次代への羅針盤
ナノセルロースの実用化で日本を資源大国に
磯貝 明
ナノセルロースの実用化に道を開く
私たちはそこにTEMPO触媒酸化という方法を用いることにより、解繊に必要なエネルギー量を従来の100分の1程度に減らすことができることを発見しました。これによりナノセルロースの実用化に向けた歩みが大きく前進したと評価されたのです。
私は学生時代、有機溶剤を使ってセルロースを溶かす実験をしていましたが、これでいいのかという直観的な思いがありました。そして米国の大学院大学である、The Institute of Paper Chemistry化学科の博士研究員になったときから、有機溶剤を使わず水系で、短時間かつ効率的にセルロースに新しい機能を付与できる製紙プロセスのメカニズム解析について考えるようになりました。その思いは東大に帰ってきてからも持ち続け、関連の基礎研究を進めていました。

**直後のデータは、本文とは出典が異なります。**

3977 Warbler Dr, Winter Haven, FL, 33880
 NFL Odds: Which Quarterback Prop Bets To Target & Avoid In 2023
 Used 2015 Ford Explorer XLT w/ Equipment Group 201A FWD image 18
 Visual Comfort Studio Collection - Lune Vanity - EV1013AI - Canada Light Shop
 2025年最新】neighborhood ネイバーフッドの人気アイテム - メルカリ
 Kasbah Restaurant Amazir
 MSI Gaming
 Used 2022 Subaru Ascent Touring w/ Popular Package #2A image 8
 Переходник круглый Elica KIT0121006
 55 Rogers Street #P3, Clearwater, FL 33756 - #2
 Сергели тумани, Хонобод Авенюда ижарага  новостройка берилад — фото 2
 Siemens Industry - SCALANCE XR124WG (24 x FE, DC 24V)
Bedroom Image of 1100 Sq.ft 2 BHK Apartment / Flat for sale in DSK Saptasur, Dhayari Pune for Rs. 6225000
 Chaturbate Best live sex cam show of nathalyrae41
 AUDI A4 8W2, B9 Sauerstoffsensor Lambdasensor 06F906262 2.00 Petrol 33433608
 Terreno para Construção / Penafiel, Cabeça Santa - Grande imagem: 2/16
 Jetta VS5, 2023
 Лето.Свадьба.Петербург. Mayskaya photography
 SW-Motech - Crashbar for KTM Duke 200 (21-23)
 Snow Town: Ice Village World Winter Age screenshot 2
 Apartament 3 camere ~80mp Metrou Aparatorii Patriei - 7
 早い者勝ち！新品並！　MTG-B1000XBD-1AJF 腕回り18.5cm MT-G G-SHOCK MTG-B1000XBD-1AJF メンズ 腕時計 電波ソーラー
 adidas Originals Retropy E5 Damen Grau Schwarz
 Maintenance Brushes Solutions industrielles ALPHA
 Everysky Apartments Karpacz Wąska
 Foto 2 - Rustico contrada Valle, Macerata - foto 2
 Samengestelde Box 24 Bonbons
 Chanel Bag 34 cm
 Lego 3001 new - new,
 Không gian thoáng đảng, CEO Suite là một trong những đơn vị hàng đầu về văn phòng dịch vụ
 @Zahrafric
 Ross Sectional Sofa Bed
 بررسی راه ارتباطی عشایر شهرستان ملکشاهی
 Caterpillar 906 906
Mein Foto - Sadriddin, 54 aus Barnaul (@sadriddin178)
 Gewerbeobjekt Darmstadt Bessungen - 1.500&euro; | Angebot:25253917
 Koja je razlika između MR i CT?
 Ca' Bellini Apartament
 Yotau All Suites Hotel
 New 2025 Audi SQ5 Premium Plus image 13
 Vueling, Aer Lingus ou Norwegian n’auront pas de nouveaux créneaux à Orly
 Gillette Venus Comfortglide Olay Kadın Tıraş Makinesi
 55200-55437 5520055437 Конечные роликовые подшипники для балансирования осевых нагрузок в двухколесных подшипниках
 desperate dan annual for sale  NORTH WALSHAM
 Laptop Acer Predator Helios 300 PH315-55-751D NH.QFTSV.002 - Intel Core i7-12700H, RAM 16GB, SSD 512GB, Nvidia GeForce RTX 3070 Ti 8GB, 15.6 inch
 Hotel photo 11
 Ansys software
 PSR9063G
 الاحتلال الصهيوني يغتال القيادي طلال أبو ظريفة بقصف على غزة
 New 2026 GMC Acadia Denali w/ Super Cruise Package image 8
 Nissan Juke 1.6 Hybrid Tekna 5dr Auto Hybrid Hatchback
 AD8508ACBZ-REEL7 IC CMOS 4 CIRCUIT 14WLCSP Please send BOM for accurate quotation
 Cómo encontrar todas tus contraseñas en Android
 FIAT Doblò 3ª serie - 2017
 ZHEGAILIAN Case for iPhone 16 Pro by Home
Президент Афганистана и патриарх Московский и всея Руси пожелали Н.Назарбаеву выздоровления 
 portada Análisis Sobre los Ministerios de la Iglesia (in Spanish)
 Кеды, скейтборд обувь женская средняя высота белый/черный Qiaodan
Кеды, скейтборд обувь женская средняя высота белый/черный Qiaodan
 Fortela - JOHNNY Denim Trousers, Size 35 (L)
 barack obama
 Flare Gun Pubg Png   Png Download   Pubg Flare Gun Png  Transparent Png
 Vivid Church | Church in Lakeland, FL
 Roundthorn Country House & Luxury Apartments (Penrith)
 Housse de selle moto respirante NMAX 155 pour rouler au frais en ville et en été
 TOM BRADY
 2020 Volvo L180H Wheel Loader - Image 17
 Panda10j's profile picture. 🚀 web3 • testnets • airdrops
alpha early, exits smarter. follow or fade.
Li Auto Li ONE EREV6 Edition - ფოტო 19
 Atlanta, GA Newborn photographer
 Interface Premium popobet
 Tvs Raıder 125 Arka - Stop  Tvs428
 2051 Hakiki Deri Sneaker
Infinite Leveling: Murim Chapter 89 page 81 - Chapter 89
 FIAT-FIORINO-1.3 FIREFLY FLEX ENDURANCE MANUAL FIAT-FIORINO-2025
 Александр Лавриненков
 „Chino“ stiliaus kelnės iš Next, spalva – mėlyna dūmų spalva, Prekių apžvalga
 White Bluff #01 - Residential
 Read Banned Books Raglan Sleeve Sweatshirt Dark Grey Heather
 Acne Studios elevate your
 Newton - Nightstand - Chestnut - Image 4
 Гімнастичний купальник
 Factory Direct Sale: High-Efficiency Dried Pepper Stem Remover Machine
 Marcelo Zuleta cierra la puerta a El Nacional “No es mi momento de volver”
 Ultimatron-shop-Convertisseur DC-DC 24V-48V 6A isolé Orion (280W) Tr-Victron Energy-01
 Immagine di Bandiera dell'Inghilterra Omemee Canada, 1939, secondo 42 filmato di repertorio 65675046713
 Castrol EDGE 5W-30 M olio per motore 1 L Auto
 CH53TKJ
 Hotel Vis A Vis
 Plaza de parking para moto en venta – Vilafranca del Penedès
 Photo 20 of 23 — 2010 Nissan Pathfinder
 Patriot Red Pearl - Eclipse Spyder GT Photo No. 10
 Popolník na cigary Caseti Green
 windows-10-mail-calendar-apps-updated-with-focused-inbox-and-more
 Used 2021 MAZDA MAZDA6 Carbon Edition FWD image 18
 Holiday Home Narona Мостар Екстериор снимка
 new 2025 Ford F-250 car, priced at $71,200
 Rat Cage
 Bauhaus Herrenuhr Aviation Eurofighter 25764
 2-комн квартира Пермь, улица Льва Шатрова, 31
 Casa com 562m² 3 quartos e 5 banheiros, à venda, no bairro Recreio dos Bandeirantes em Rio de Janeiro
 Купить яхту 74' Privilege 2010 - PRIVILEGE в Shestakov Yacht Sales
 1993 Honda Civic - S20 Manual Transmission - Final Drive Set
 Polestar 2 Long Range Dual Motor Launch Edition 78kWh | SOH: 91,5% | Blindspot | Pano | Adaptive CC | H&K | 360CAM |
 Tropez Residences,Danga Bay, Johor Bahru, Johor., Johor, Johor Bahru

その間の論文検索によって、オランダのグループがTEMPO触媒酸化の方法をデンプンに適用した研究例を知りました。水系で、常温常圧でデンプンを改質できるという発表でした。この手法をセルロースにも適用できるのではないかと思い、修士課程の大学院生とともに、セルロースのTEMPO触媒酸化の研究を始めるようになったのです。1995年のことです。
「紙の研究に関係のない、この研究に意味があるのか」。周囲からはそんな声も聞こえてきました。それでも研究を続け、基礎的な知見を積み上げてはいましたが、注目されるような大きな成果は得られませんでした。